Diagnosis/testing: The diagnosis of SYNGAP1-ID is established in a proband with developmental delay or intellectual disability in whom molecular genetic testing identifies either a heterozygous pathogenic variant in SYNGAP1 (~89%) or a deletion of 6p21.3 (~11%).
Management: Treatment of manifestations: DD/ID are managed as per standard practice. No guidelines are available regarding choice of specific anti-seizure medications (ASMs). In about 50% of patients, the epilepsy responds to a single ASM; in the remainder it is pharmacoresistant. Children may qualify for and benefit from interventions used in treatment of ASD. Consultation with a developmental pediatrician may guide parents through appropriate behavioral management strategies and/or provide prescription medications when necessary.
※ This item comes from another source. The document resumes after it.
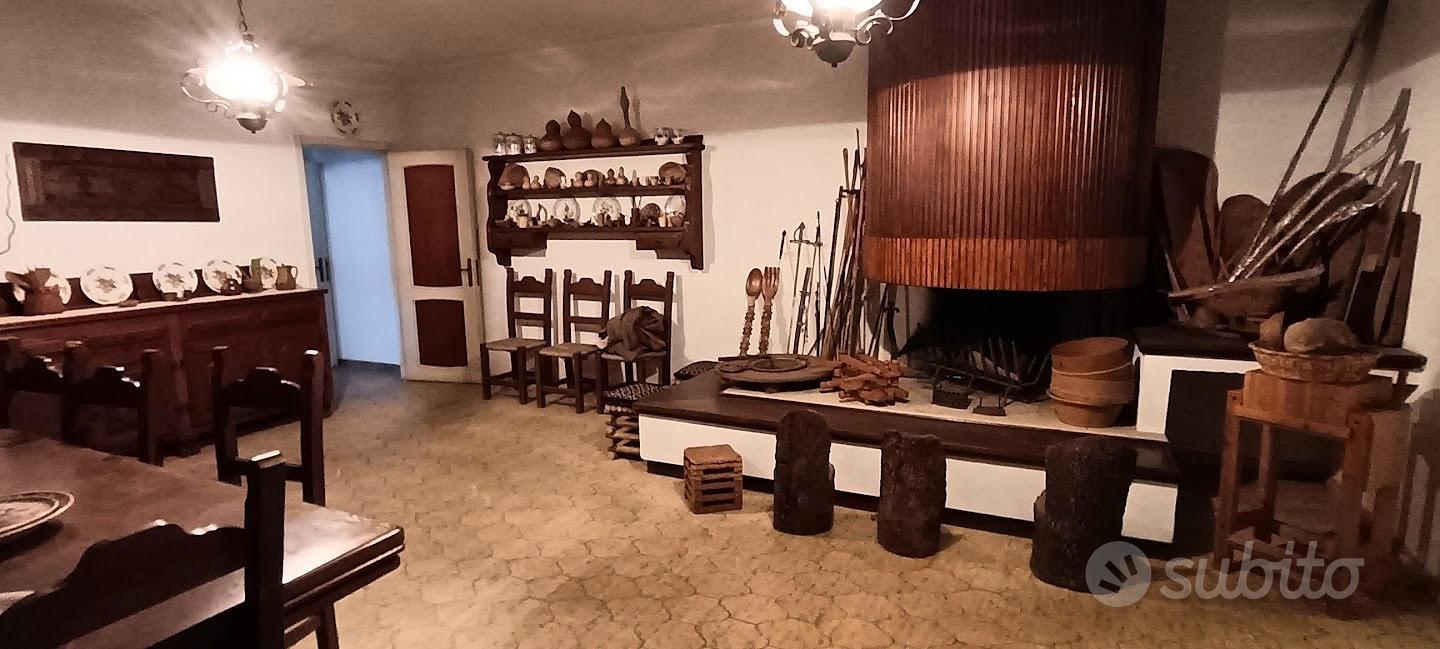 Villa Padronale Singola: Un Gioiello degli Anni '7 - Vista 4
Nasogastric/gastrostomy feeding may be required for individuals with persistent feeding issues.
Surveillance: Monitor seizure manifestations and control; behavioral issues; developmental progress and educational needs.
Genetic counseling: SYNGAP1-ID is inherited in an autosomal dominant manner. To date almost all probands with SYNGAP1-ID whose parents have undergone molecular genetic testing have had a de novo germline pathogenic variant; however, vertical transmission (from a mildly affected, mosaic parent to the proband) has been reported in one family. Thus, while the risk to sibs appears to be low, it is presumed to be greater than in the general population because of the possibility of germline mosaicism in a parent. Once the SYNGAP1 pathogenic variant has been identified in an affected family member, prenatal testing for a pregnancy at increased risk and preimplantation genetic testing are possible.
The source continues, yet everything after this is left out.